The Titan’s Curse Edit
Grover is undercover once again, this time at a military school, where he discovers two children, Nico and Bianca di Angelo, that he suspects are half-bloods. In the excitement of his discovery, Grover asks Percy to come and help him safely bring the half-bloods to camp half-blood. In the process of trying to get to the di Angelos, a manticore (Dr. Thorn) attempts kidnaps Percy, Bianca, and Nico, only to lose them to Thalia, Annabeth, and Grover. As they battle Dr. Thorn, the Hunters of Artemis step in and rid of the monster by making him trip off a cliff, which led to the loss of Annabeth, her being on Thorn’s back. Artemis leaves her Hunters to be escorted to Camp Half-Blood by Percy, Grover, and Thalia. Artemis is then kidnapped, which means that a quest must be launched to save her. That quest consists of Grover, Bianca (who is a new Hunter of Artemis), Zoe Nightshade (The chief Hunter of Artemis), Thalia, and Percy, who journey across the country to Mt. Tampalais. On the way, Grover is involved in several situations where Pan, god of the Wild, speaks to him. The first was in Cloudcroft, New Mexico, where the presence of Pan made the birds on Grover’s coffee cup and a rubber rat come to life, also bringing a giant wild boar to help Percy, Thalia, him, Bianca and Zoe escape the skeletal army. The second incident happened when Grover was alone. Pan spoke to him, saying, «I await you.» Both times, Grover was drinking coffee, so he and the other satyrs believe, that this had something to do with Pan’s appearance. 

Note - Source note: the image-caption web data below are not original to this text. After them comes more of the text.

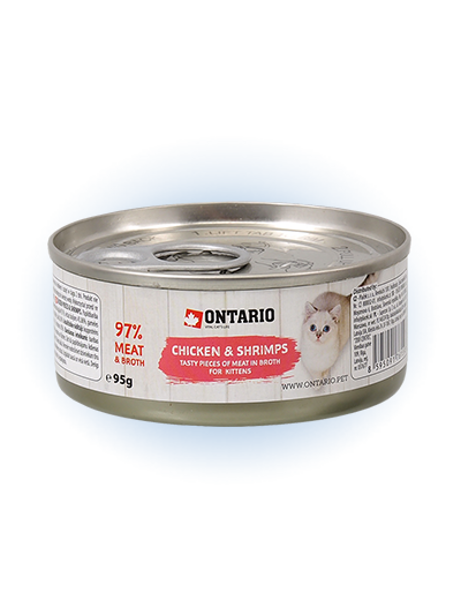 Ontario Kitten Chicken & Schrimps, 95 g - konservi kaķēniem ar vistas filejas un garneļu gabaliņiem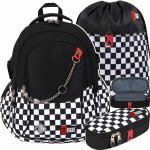 ST.RIGHT PLECAK SZKOLNY MŁODZIEŻOWY SZACHOWNICA K-POP CHAIN DUŻY ZESTAW 3el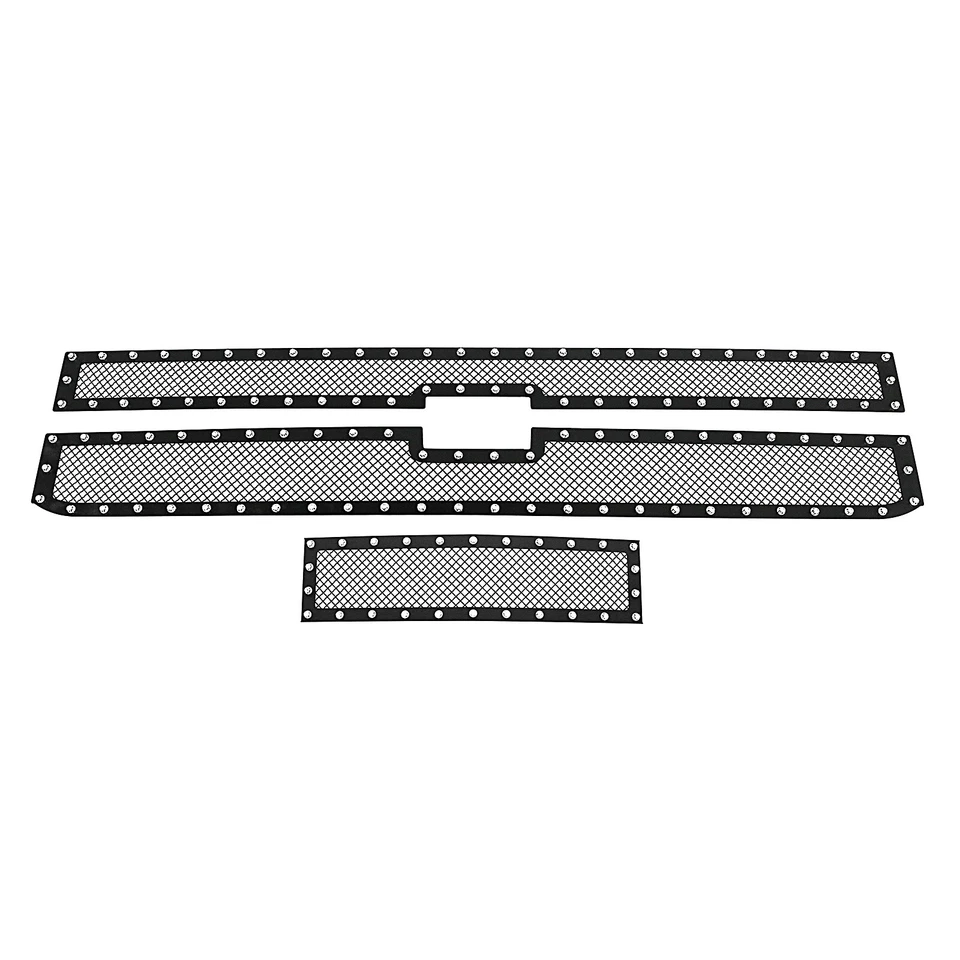 Se adapta a Chevy Silverado 2500/3500HD 2015-2019 combo de rejilla de remache de malla negra de acero inoxidable Foto 2 de 3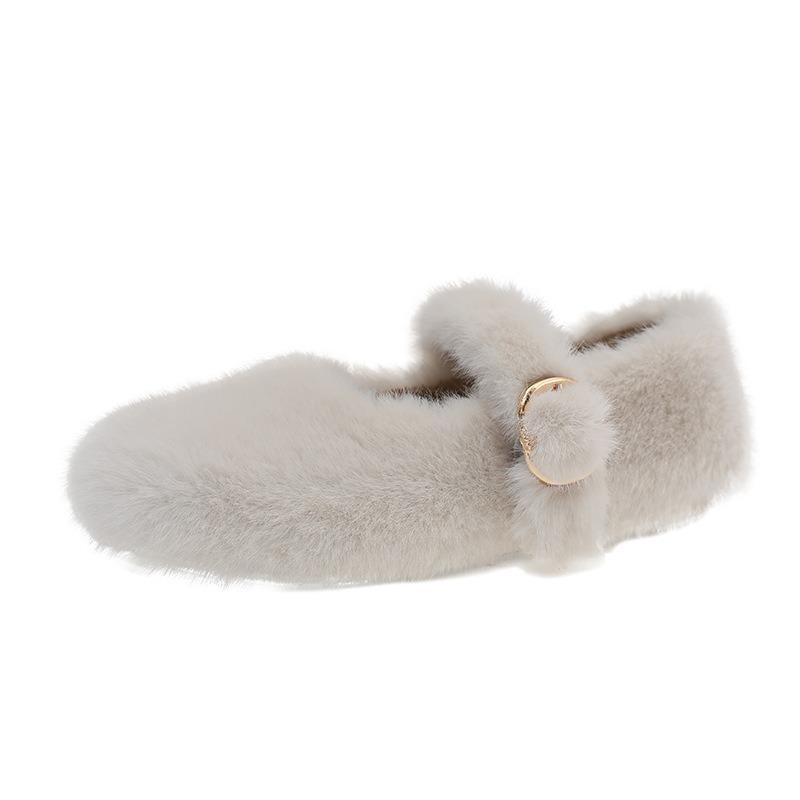 Sweet fluffy shoes for women outside, winter new velvet beanie shoes, shallow mouth trendy, flat bottom warm cotton shoes for women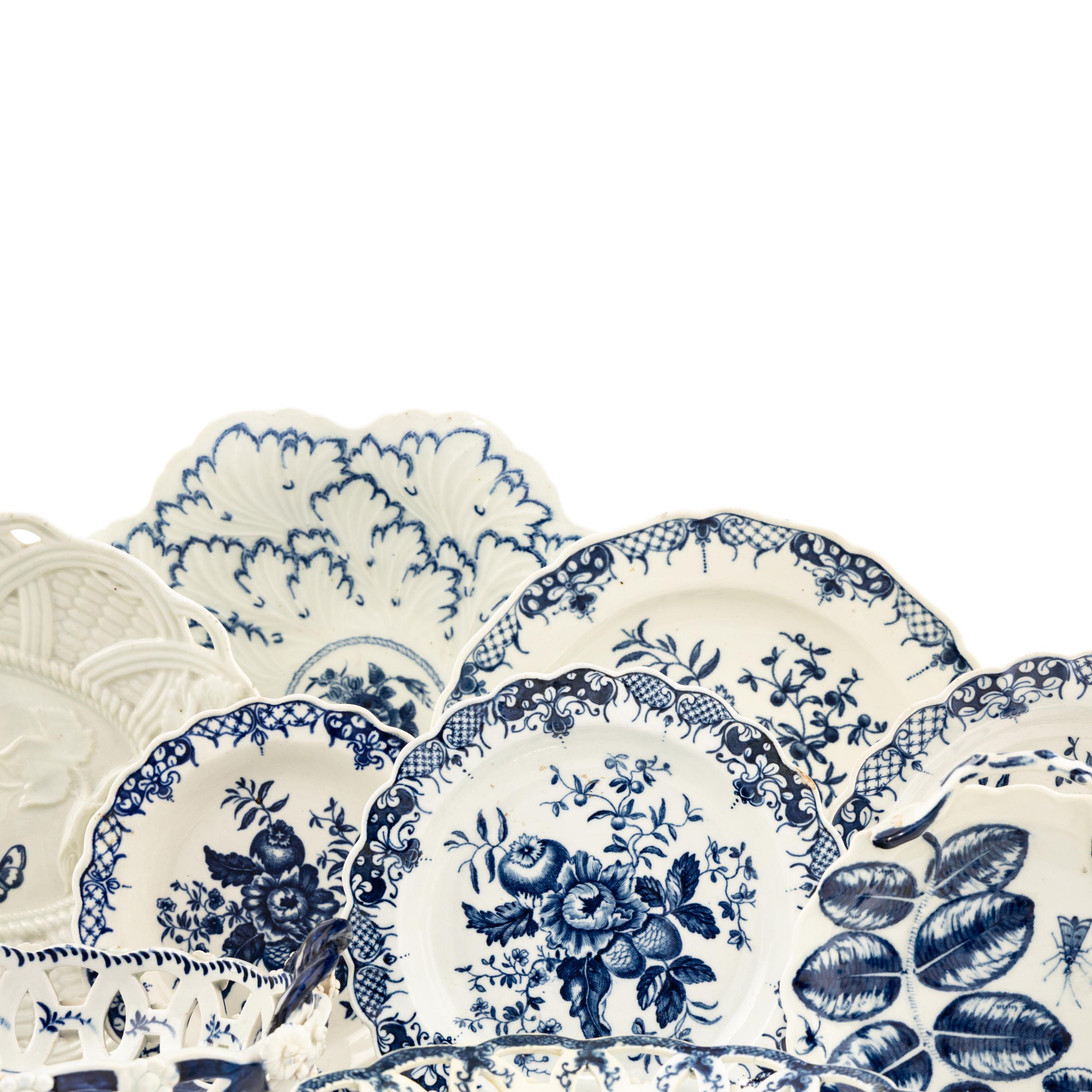 A Group of Blue and White Worcester and Other Porcelain Table Articles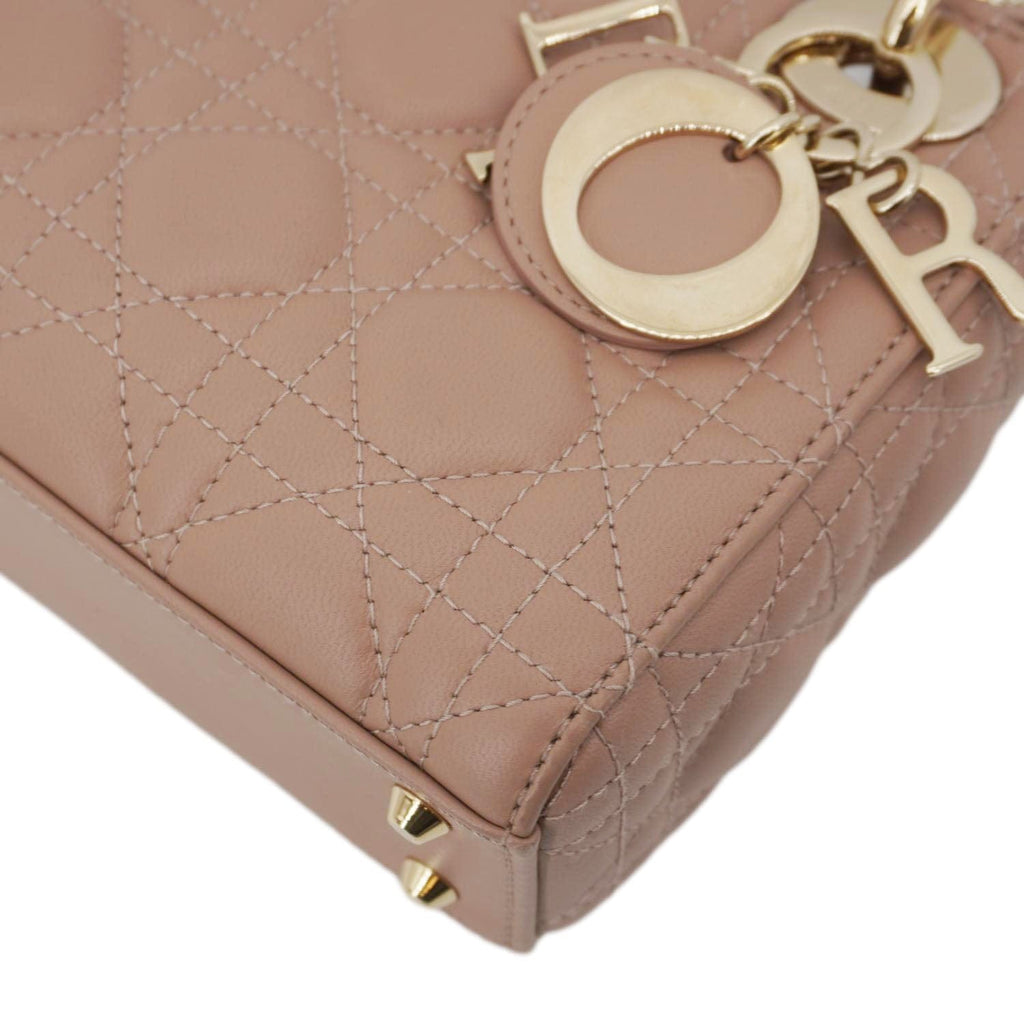 CHRISTIAN DIOR Lady Dior Mini Cannage Leather Crossbody Bag Rose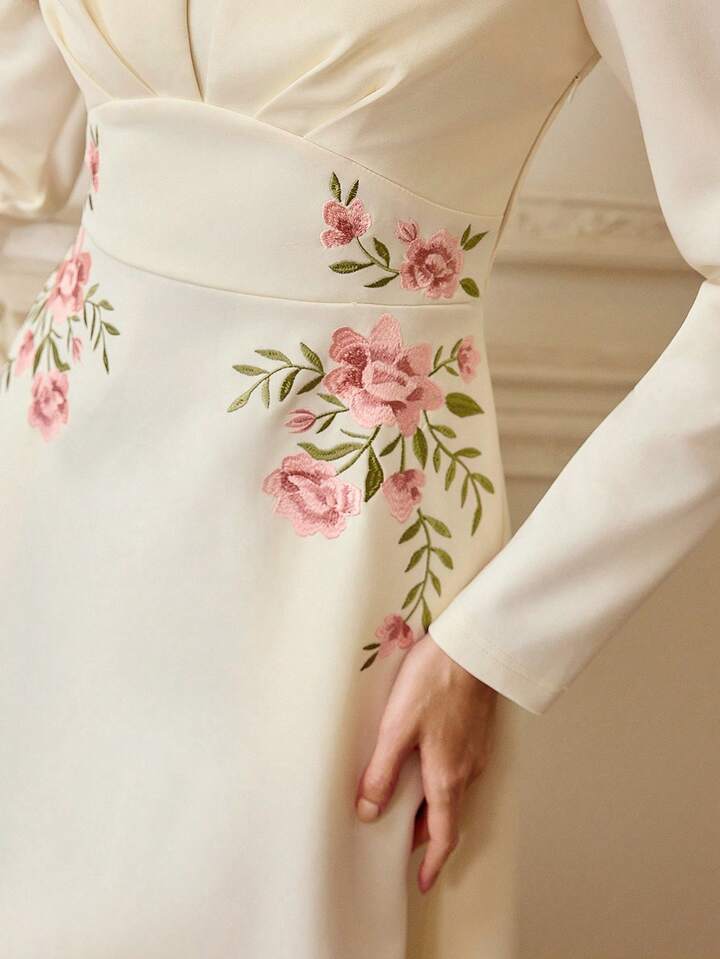 CM-DS716868 Women Elegant Seoul Style Floral Embroidery Stand Collar Long Sleeve A-Line Midi Dress - Beige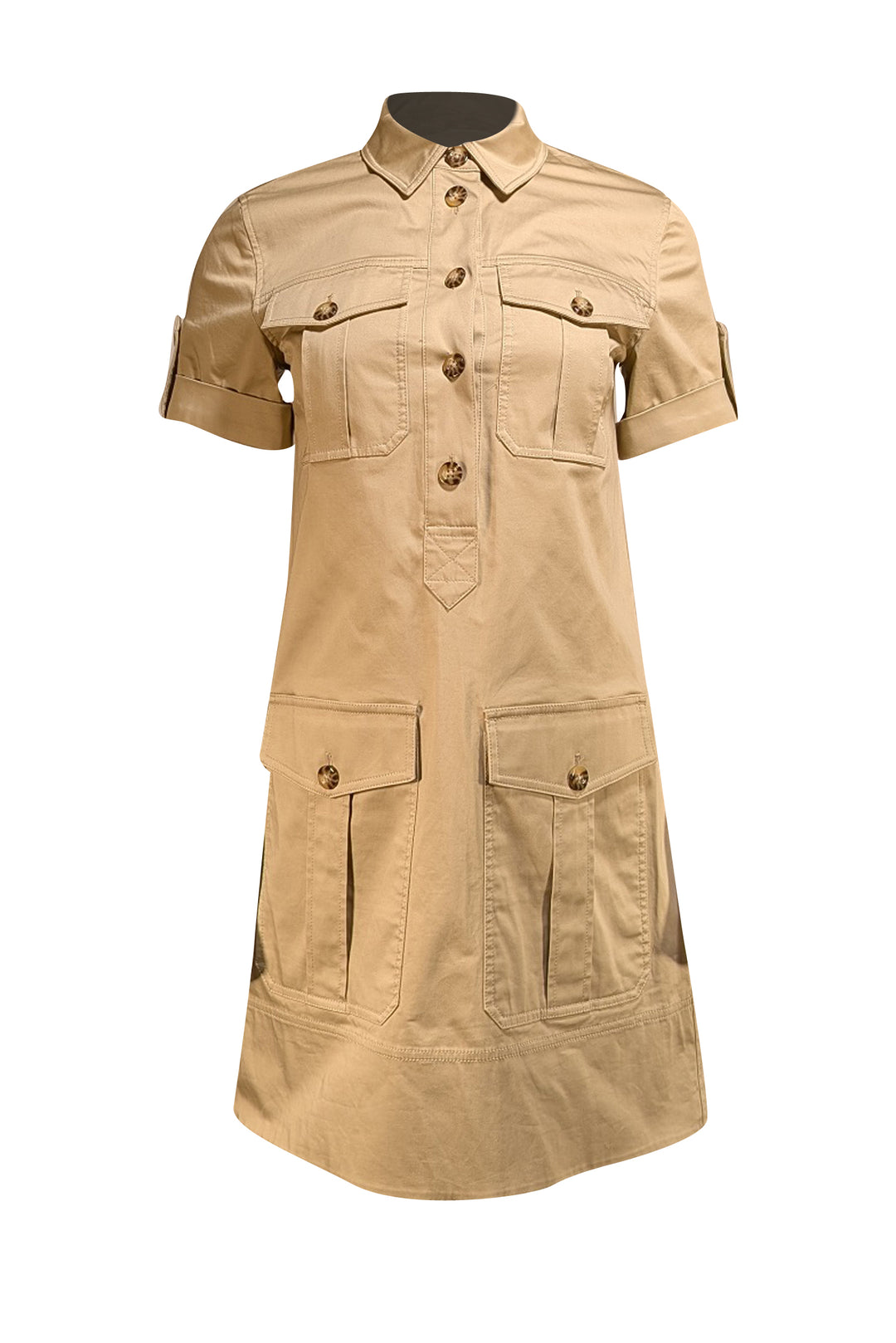 beige cargo dress Skort Dress With Belt And Pockets Beige Going Out Festival Outfit XS / 6 / Beige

The Battle of the Labyrinth Edit
It is in this book that we meet Juniper, Grover’s nymph girlfriend, who is sobbing hysterically as The Council of Cloven Elders’ decide that Grover has been searching far too long for the god Pan — they give him a week to find Pan, and if he does not, his searcher’s license will be revoked. He, Percy, Annabeth and Tyson head into the Labyrinth this time to find its creator, Daedalus, and his workshop. Sometime in the book, Grover and Tyson split up from Percy and Annabeth. However, Grover meets a monster. Later, Grover finds Pan and learns the truth about his disappearance and that he, the God of Wild Things, must fade away and leave the job of making the earth green again to Grover, Annabeth, Percy, Tyson and everyone else on the planet. Grover unleashes the cry of Panic, greatly disrupting the Battle, and distracting the enemy long enough for the campers to surge and eventually drive them back into the Labyrinth. 
The Last Olympian Edit
Grover has been missing for 2 months; Percy and Nico decide to look for him on their way to the Underworld. Percy locates Grover through his empathy link in Central Park and finds him under a giant elm tree. Percy wakes him up by yelling, (via empathy link) «FOOD, PANCAKES!». He tells them he just took a nap and they figure out that Morpheus, the god of dreams, put Grover to sleep. In that way, Grover gives Percy and Nico info that some minor gods are on Kronos’ side. He helps Nico and Percy get into the Underworld by playing his reed pipes to open up an entrance in Central Park.
After, his exile is ended and he is given a position in the Council of Cloven Elders. Grover is then appointed as the new Lord of the Wild, causing him to collapse with joy on the spot.